──────── Provided entries

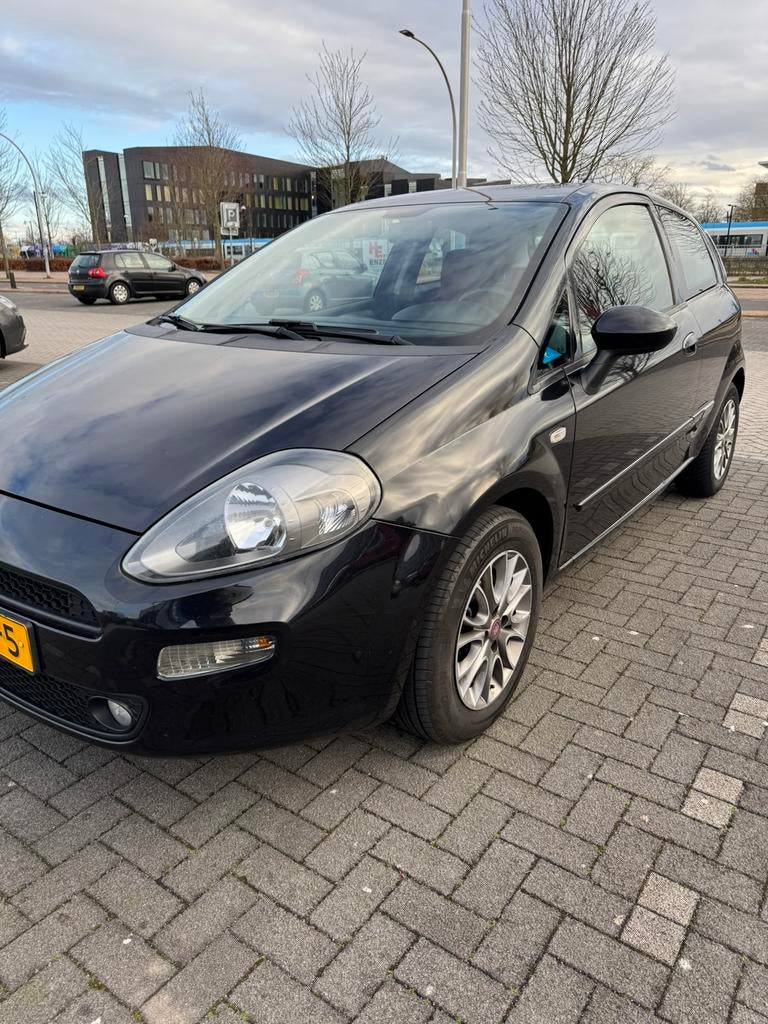 Fiat Punto 1.3 Multijet 62KW 3DR 2012 Zwart, Auto's, Voorwielaandrijving, 4 cilinders, 400 kg, Zwart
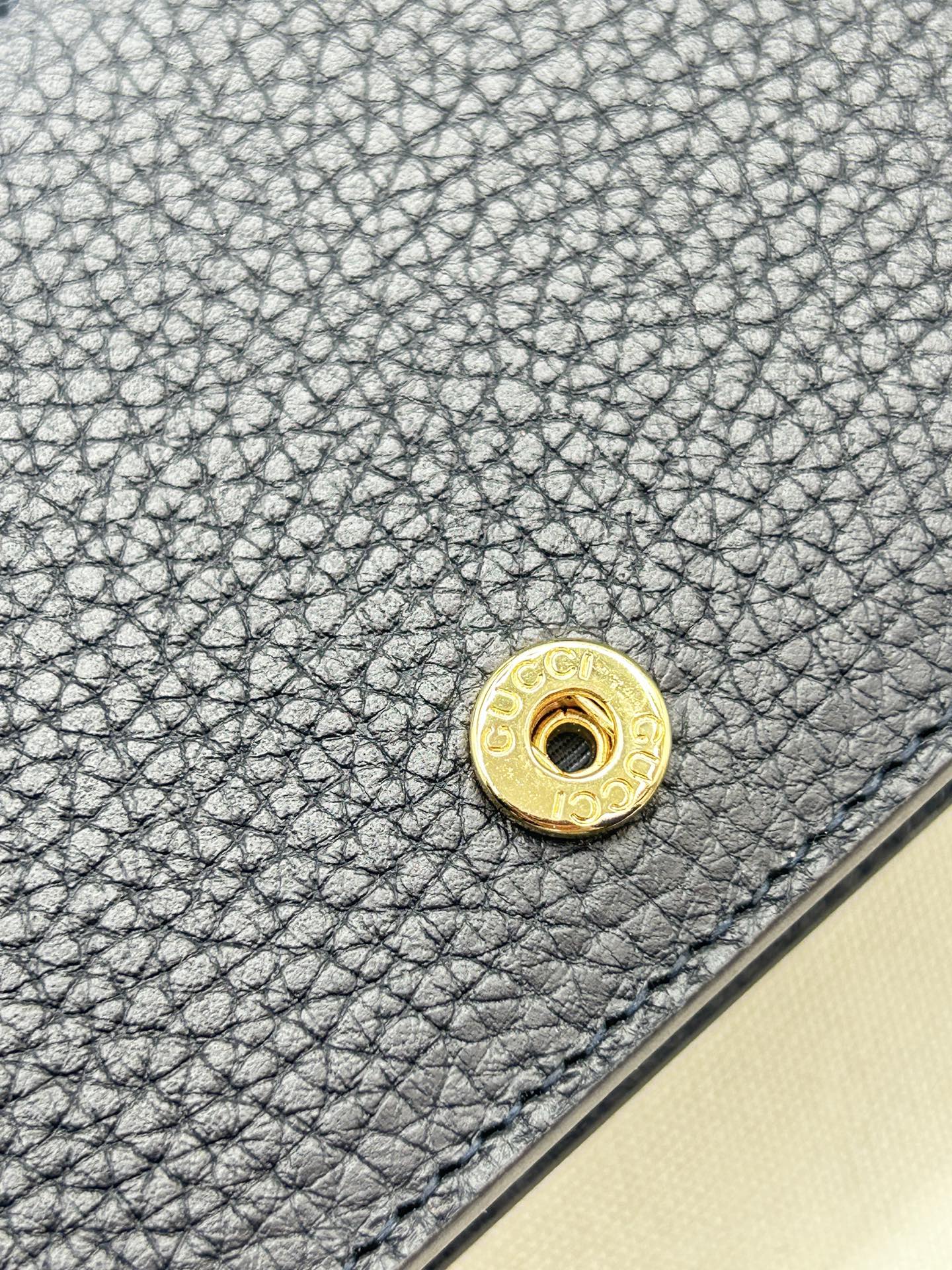 GUCCI 高仿帆布拼皮信封包 GG圖騰金鏈款 百搭造型肩背包｜歐美奢侈品精品推薦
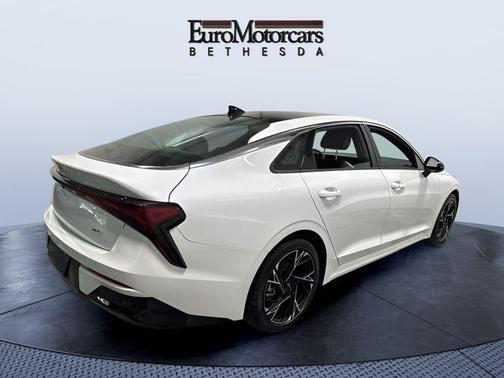 Snow White Pearl 2025 Kia K5 GT-Line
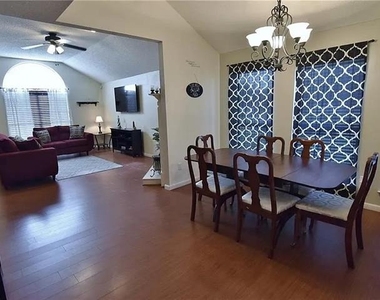 6323 Brookbriar Court - Photo Thumbnail 15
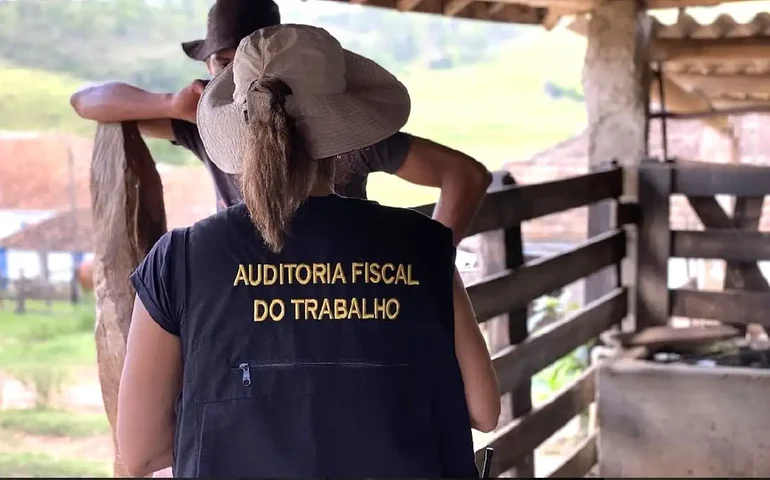 Operação federal resgata 593 pessoas submetidas a trabalho escravo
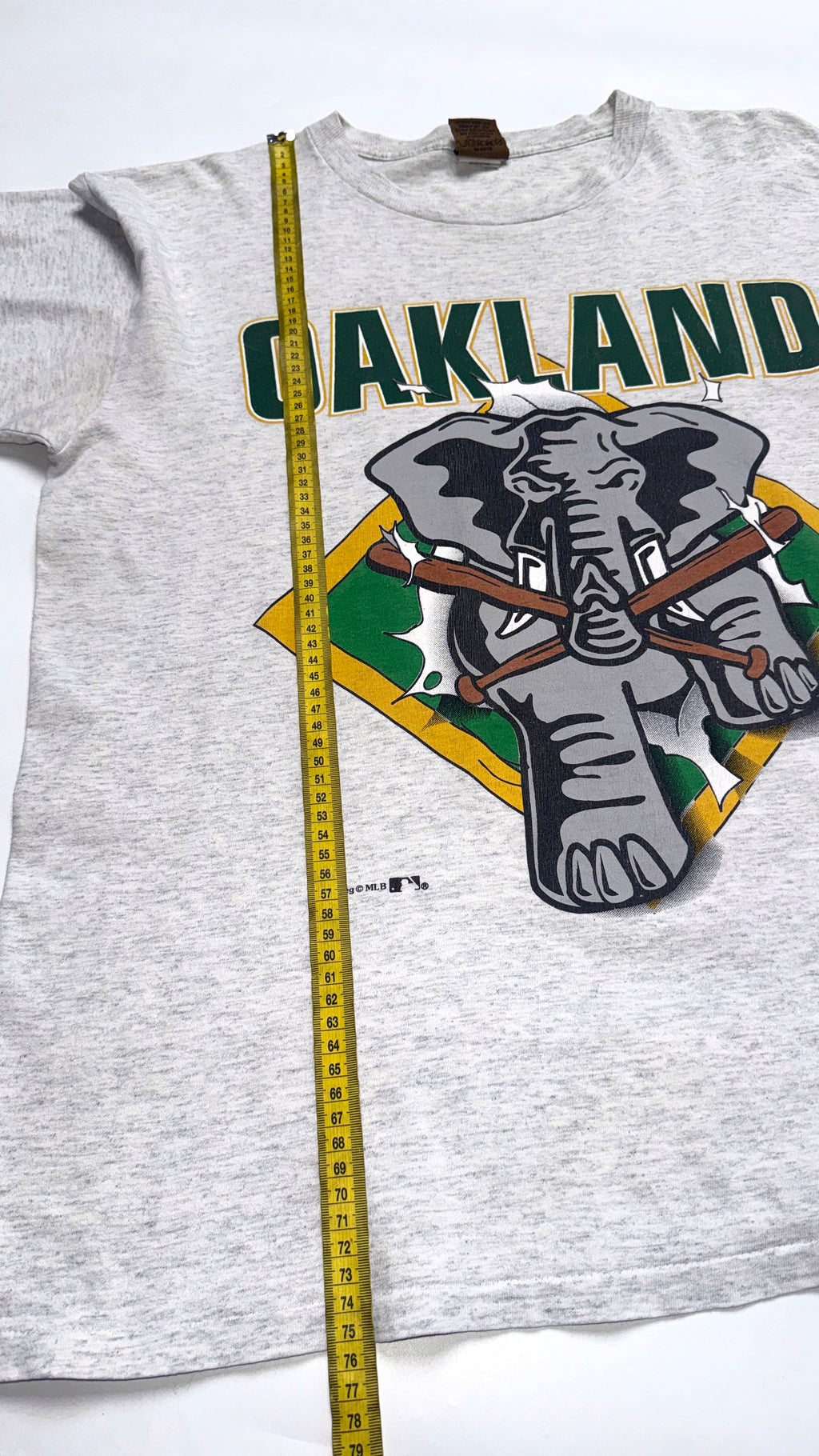 90s Oakland MLB Vintage Graphic T shirt (Gold Nutmeg)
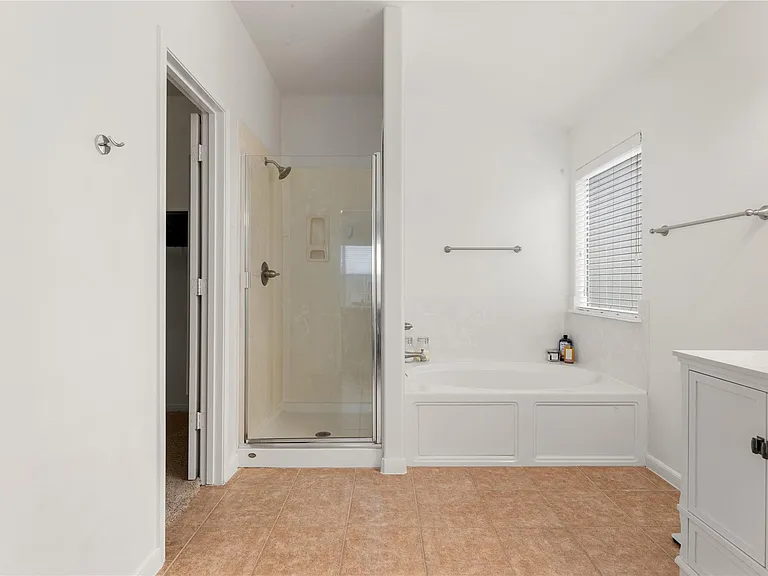 26542 Marble Point Ln — Photo 18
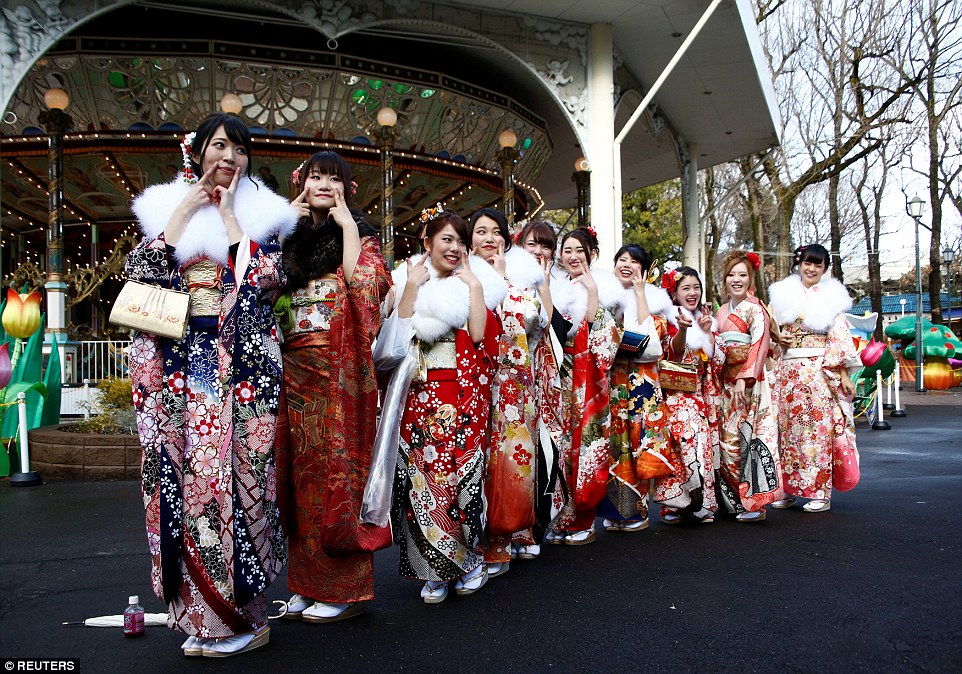 Kimonolu Japon kadınlar metroları bastı!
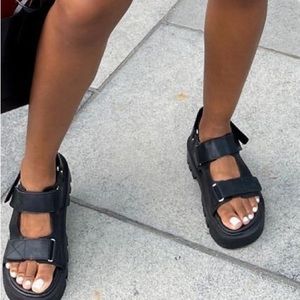 H&M SANDALS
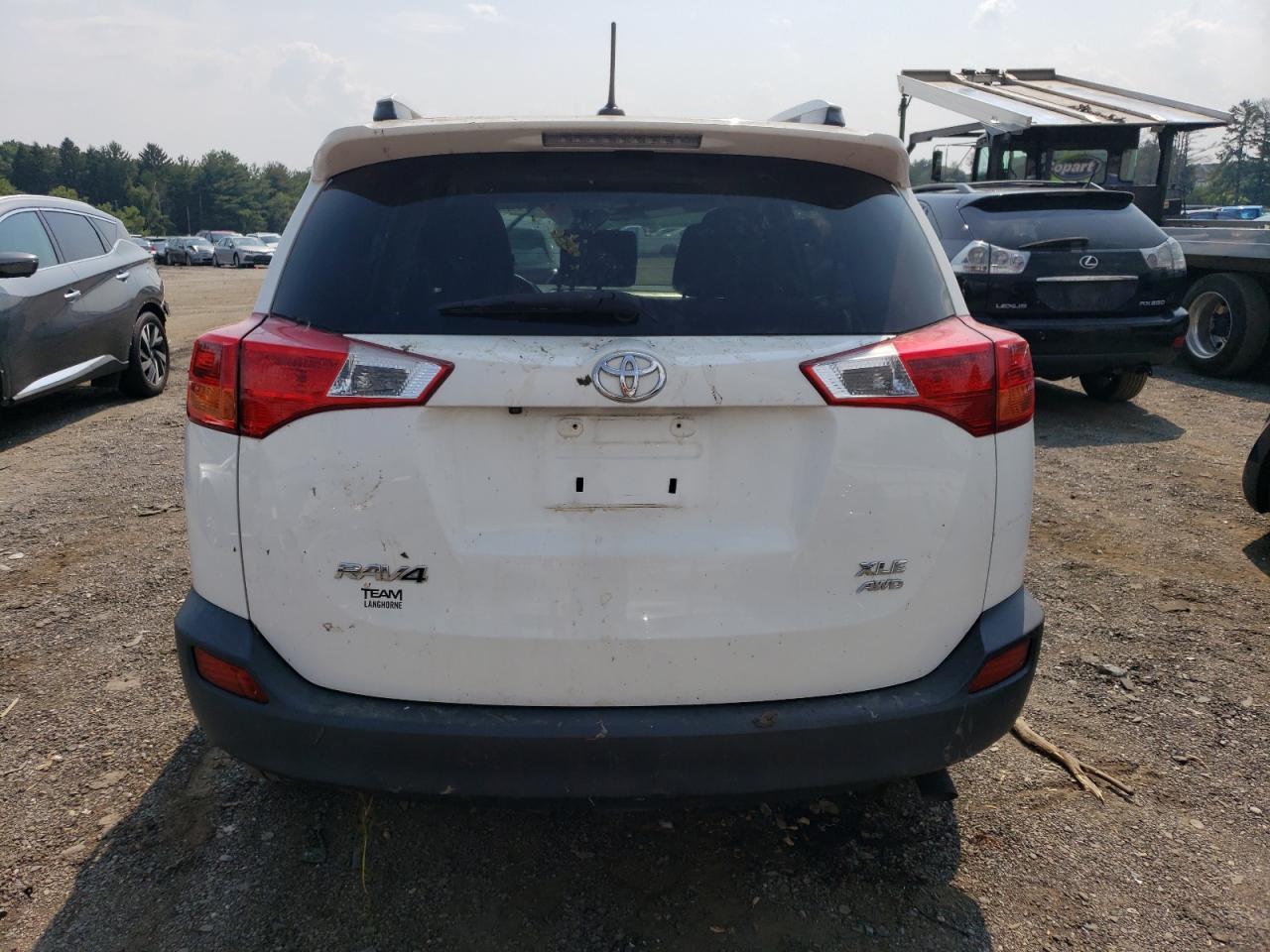 2015 TOYOTA RAV4 XLE - Image 6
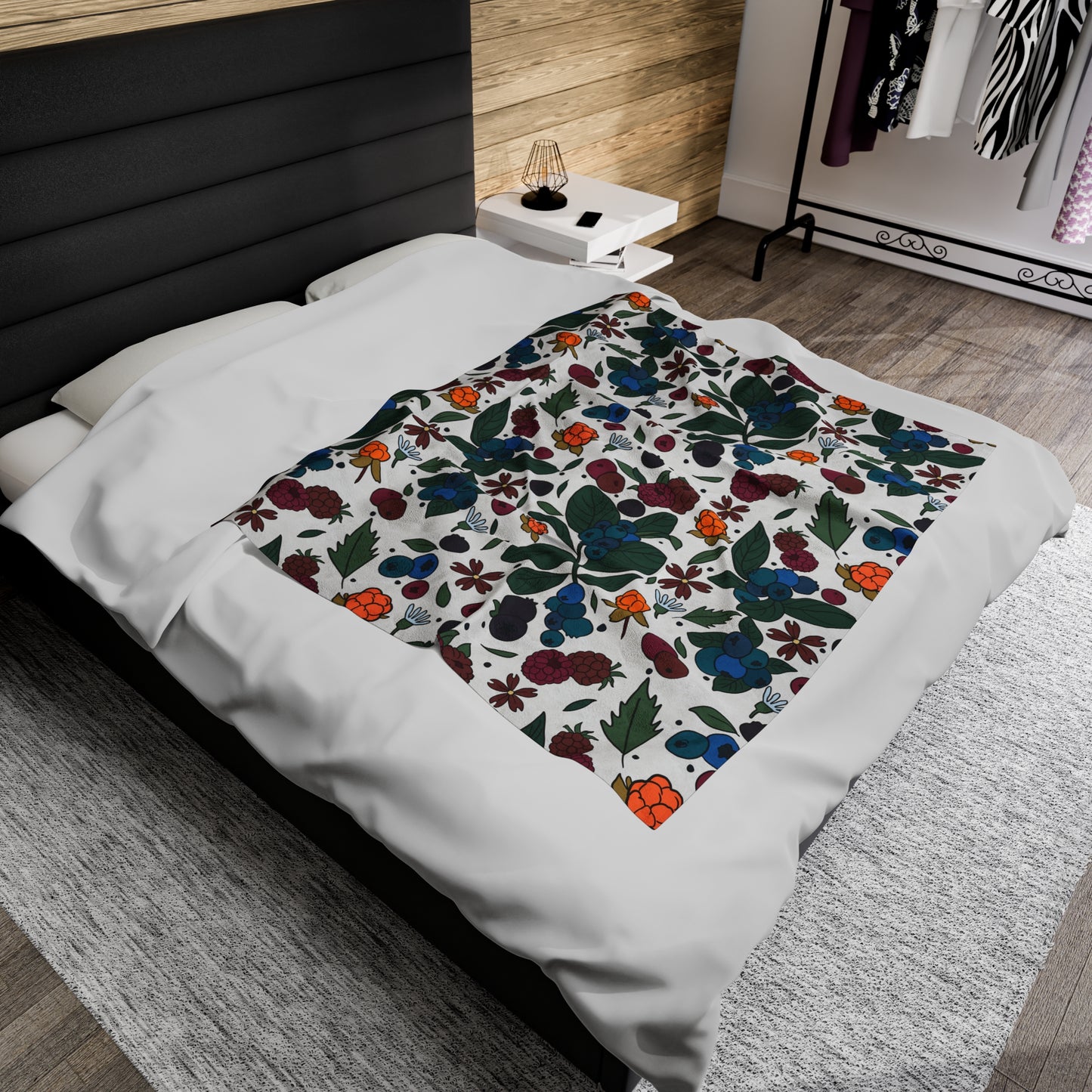 Berry picking - Velveteen Plush Blanket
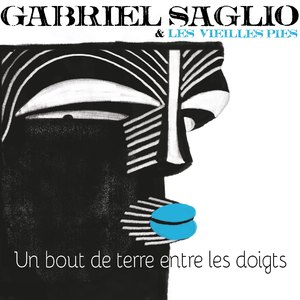 Un bout de terre entre les doigts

────────────────

- _Problem to work on_
Each record above should be copied character for character, with pictures dropped.

- _Solution for this task_
 Fiat Punto 1.3 Multijet 62KW 3DR 2012 Zwart, Auto's, Voorwielaandrijving, 4 cilinders, 400 kg, Zwart
 GUCCI 高仿帆布拼皮信封包 GG圖騰金鏈款 百搭造型肩背包｜歐美奢侈品精品推薦
 Snow White Pearl 2025 Kia K5 GT-Line
 6323 Brookbriar Court - Photo Thumbnail 15
 Operação federal resgata 593 pessoas submetidas a trabalho escravo
 90s Oakland MLB Vintage Graphic T shirt (Gold Nutmeg)
 26542 Marble Point Ln — Photo 18
 Kimonolu Japon kadınlar metroları bastı!
 H&M SANDALS
 2015 TOYOTA RAV4 XLE - Image 6
 Berry picking - Velveteen Plush Blanket
 Un bout de terre entre les doigts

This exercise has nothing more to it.